Supplied entries →
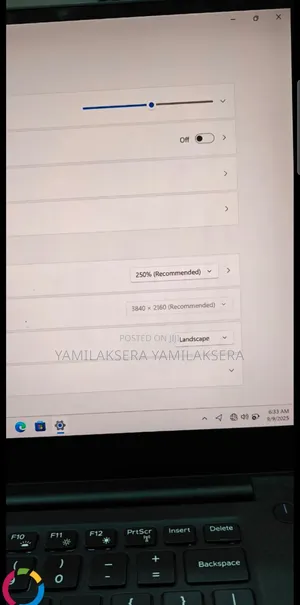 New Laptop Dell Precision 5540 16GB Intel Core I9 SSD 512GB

...

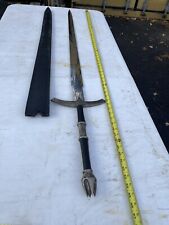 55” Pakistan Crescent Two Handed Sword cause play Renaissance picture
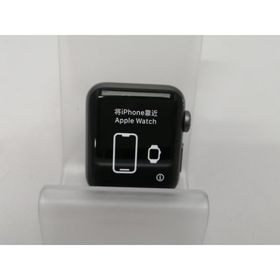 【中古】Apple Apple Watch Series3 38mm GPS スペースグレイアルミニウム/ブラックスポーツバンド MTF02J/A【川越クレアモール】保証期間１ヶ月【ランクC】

What to work on → Go back to the listing above and reproduce, exactly, the stretch from the line bearing "play Renaissance picture" through the line bearing "GPS スペースグレイアルミニウム/ブラックスポーツバンド MTF02J/A【川越クレアモール】保証期間１ヶ月【ランクC】", without its pictures.

Response to this exercise →
 55” Pakistan Crescent Two Handed Sword cause play Renaissance picture
 【中古】Apple Apple Watch Series3 38mm GPS スペースグレイアルミニウム/ブラックスポーツバンド MTF02J/A【川越クレアモール】保証期間１ヶ月【ランクC】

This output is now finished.